Green Bay-Seattle: It Could Have Been Worse
September 25, 2012

"Did you see the game last night?"

Normally when somebody asks that question, they mean the upset result, the winning score, the come from behind. Last night's game had all of those things. But that's not what anyone is talking about.

What we are talking about is the refereeing, missed offensive pass interference, and a decision that changed the outcome of the game. What most people thought they saw was Green Bay Packers safety MD Jennings make the interception that sealed the game. What was called was Seattle Seahawks Golden Tate catching the winning touchdown.

But let's not start there; let's start earlier in the drive, on a 1st and 30, with defender Sam Shields covering Sidney Rice, turning to make a play on the ball and being grabbed by the receiver.

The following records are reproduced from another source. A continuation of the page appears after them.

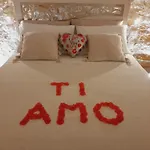 Σπίτι διακοπών Gb Grotta Bianca Ostuni
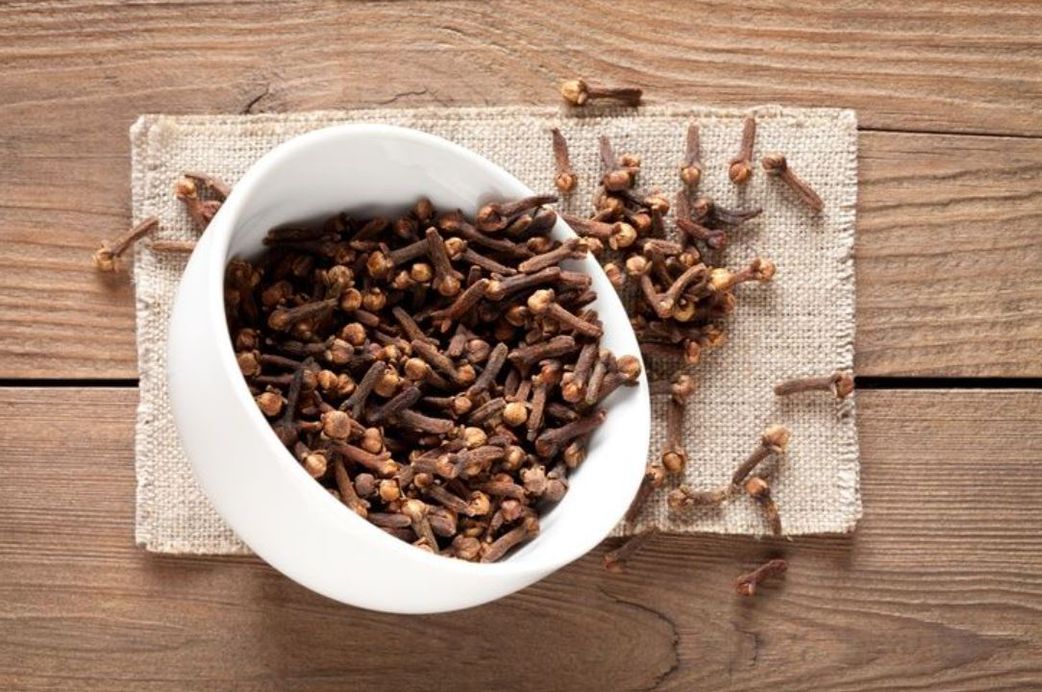 These 3 Ghanaian herbs can make your vagina tighter
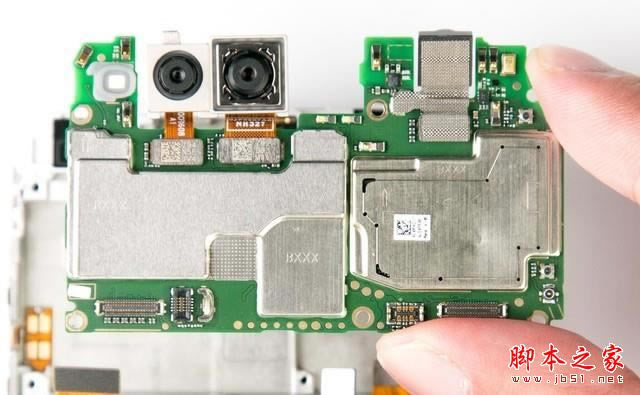 1299Ԫȫ��������Ϊ��ҫ����7X��⣺������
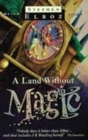 Image for A Land without Magic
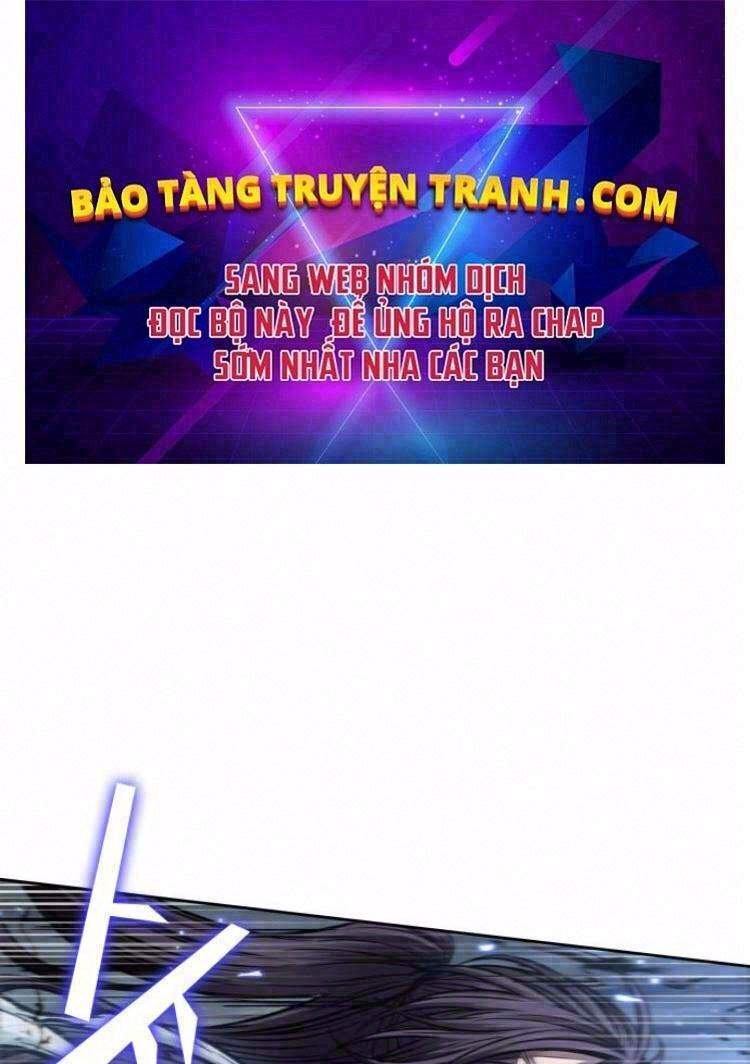 Nano Ma Thần Chap 75 - Next Chap 76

Flag on the play. Only the call was, incredibly, defensive pass interference, rather than offensive. A reward of 32 yards, and enough of a bad call to have left a taste in the mouth had the Seahawks legitimately staged a comeback thereafter.

Which they did, officially, because Golden Tate was given touchdown in the end zone soon enough, with another blown offensive interference call, one so easy, even I could see it.

Argue 'simultaneous possession' all you like, it didn't seem like a touchdown. I refuse to accept that it was a touchdown. I will not bend reality, stretch definitions, or conjure up blind spots to find a way to live with the result, as called, by replacement referees. I think the Packers showed immense class by walking off, taking their frustrations to the locker room and twittersphere.

It could have been worse.

With both the Patriots-Ravens game (which pales by comparison) on Sunday night and then with the Packers-Seahawks game on Monday night, the home team won. Coincidence? that's a whole extra conversation. The road teams seethed their way back to their airports. But what happens when the home team loses under similar circumstances? What happens if a team gets jobbed in their home stadium, with 80,000 filling the air with chants of "B---S**t, B---S**t" (as was heard around the globe loud and clear on Sunday night), and then their team loses? What happens in Philly, against the Giants, and the Eagles lose it on a controversial call? A storm of food and drinks raining down on the field? Assaults? A riot?

NFL games are being played under the tenuous – and eroding – control of the replacement refs. If things continue this way, I fear something very serious could happen during or after a game.

Right now, the NFL needs to get around the table with regular refs, and it needs to do so in the spirit of 'compromise'. Because on the evidence of last night, league credibility has been compromised.